▶ _Task prompt_
Your task is to transcribe all the entries exactly, excluding pictures.

▶ _Excerpted data_
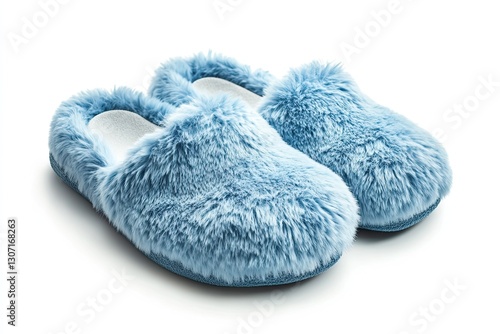 Fluffy house slippers isolated on white background 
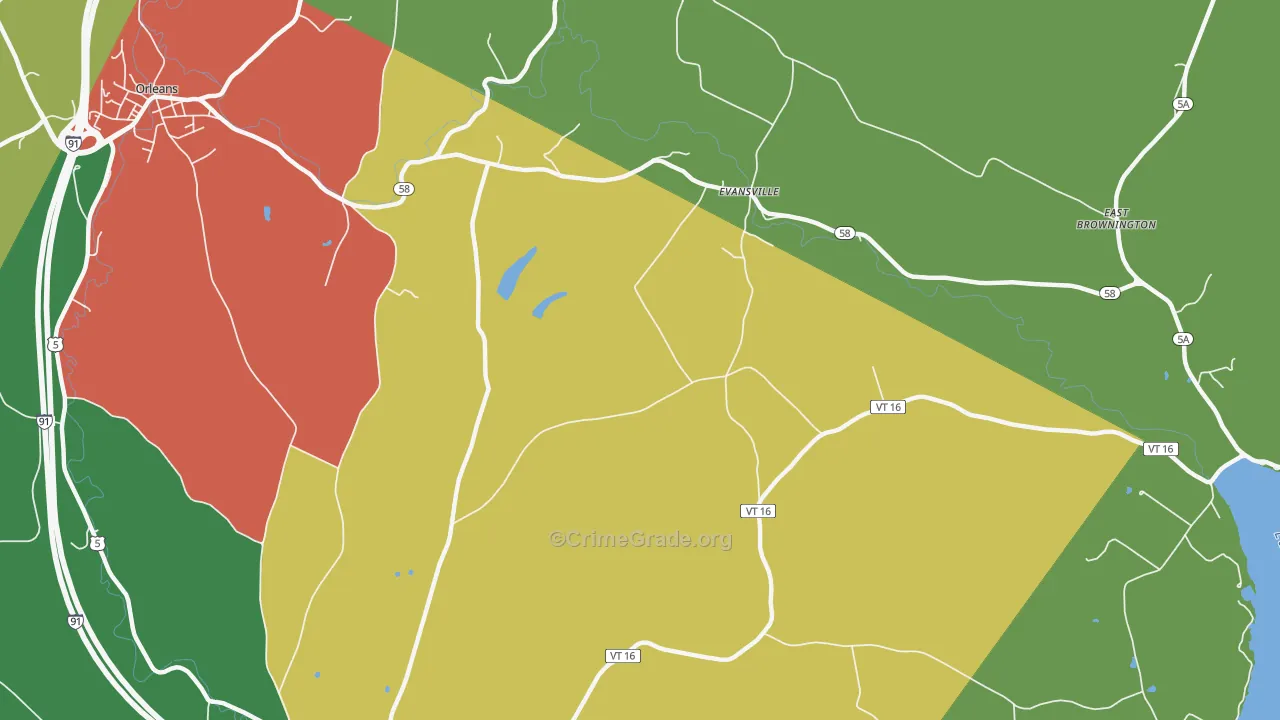 Evansville, VT Map of Assault Rates
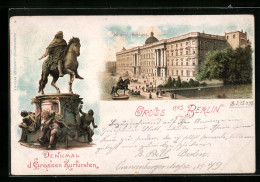 Lithographie Berlin, Denkmal Des Grossen Kurfürsten Und Kgl. Schloss  - Mitte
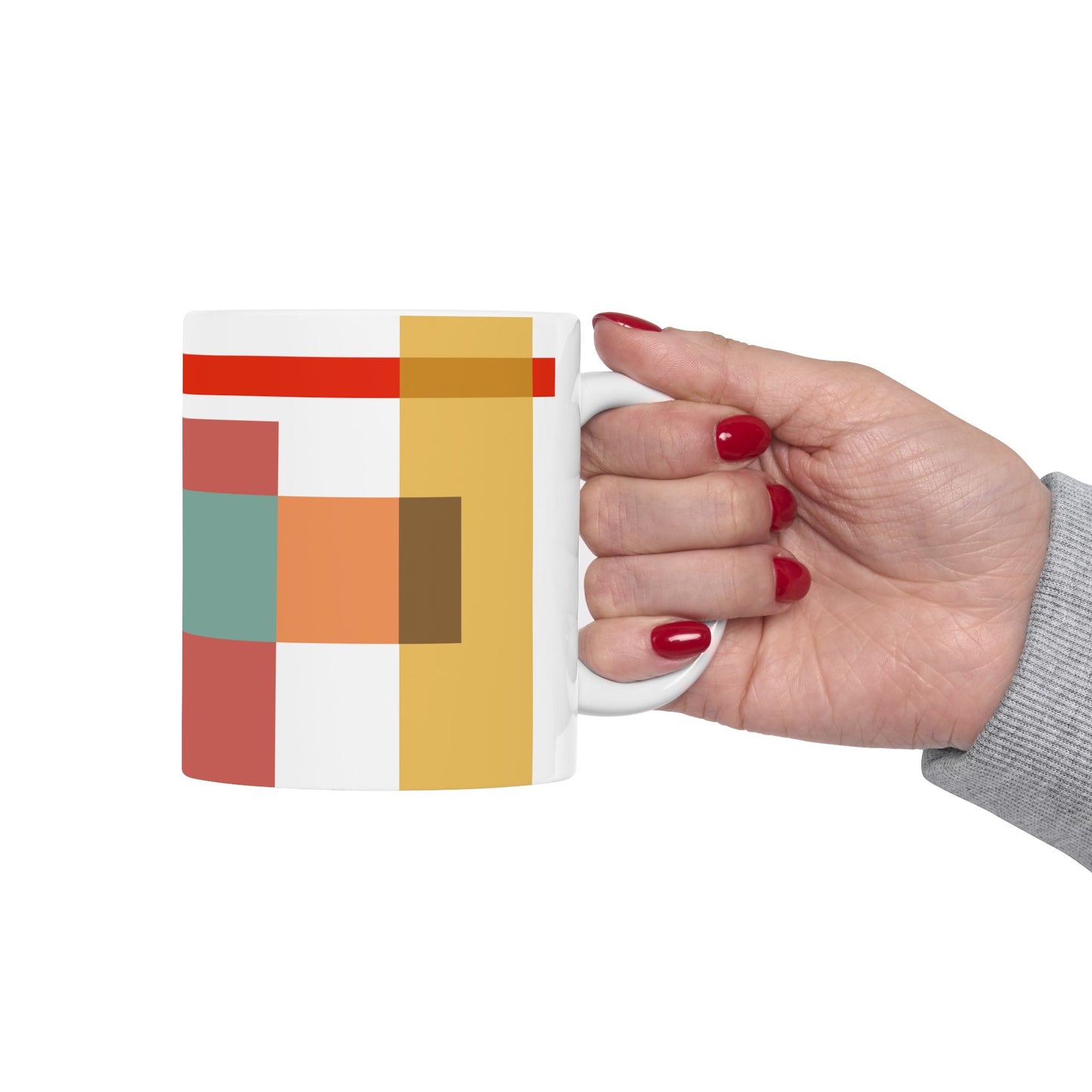 Modern Geometry Mug – Earthy Abstract Blocks in Teal & Rust | 11 oz Mug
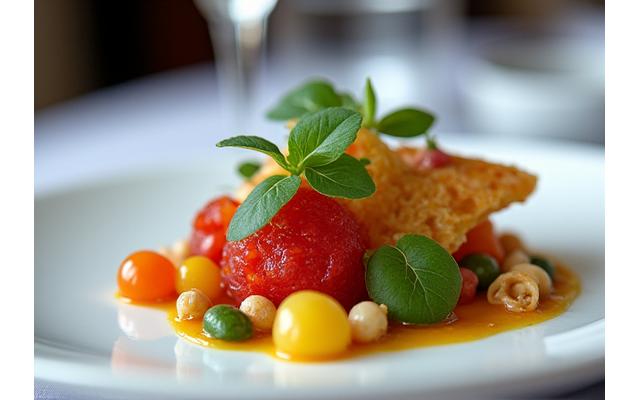 Exquisit angerichteter Teller in einem Michelin-Sternerestaurant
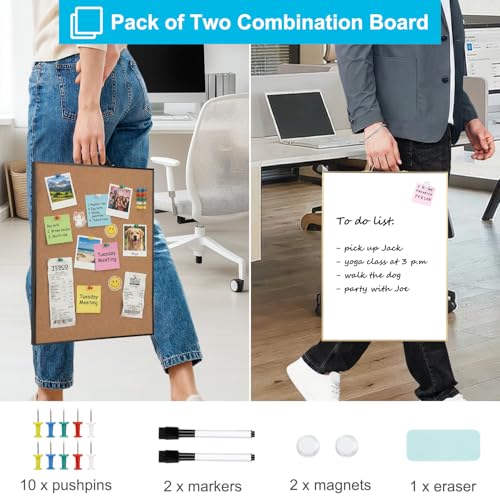 Image of Small Whiteboard Cork-Board Combination for Wall - 16 inch x 12 inch Portable Aluminum Frame Magnetic Dry Erse Board Mini Bulletin Cork Board 2 Pack with Holder for School, Office, Home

▶ _Written response_
 Fluffy house slippers isolated on white background 
 Evansville, VT Map of Assault Rates
 Lithographie Berlin, Denkmal Des Grossen Kurfürsten Und Kgl. Schloss  - Mitte
 Modern Geometry Mug – Earthy Abstract Blocks in Teal & Rust | 11 oz Mug
 Exquisit angerichteter Teller in einem Michelin-Sternerestaurant
 Image of Small Whiteboard Cork-Board Combination for Wall - 16 inch x 12 inch Portable Aluminum Frame Magnetic Dry Erse Board Mini Bulletin Cork Board 2 Pack with Holder for School, Office, Home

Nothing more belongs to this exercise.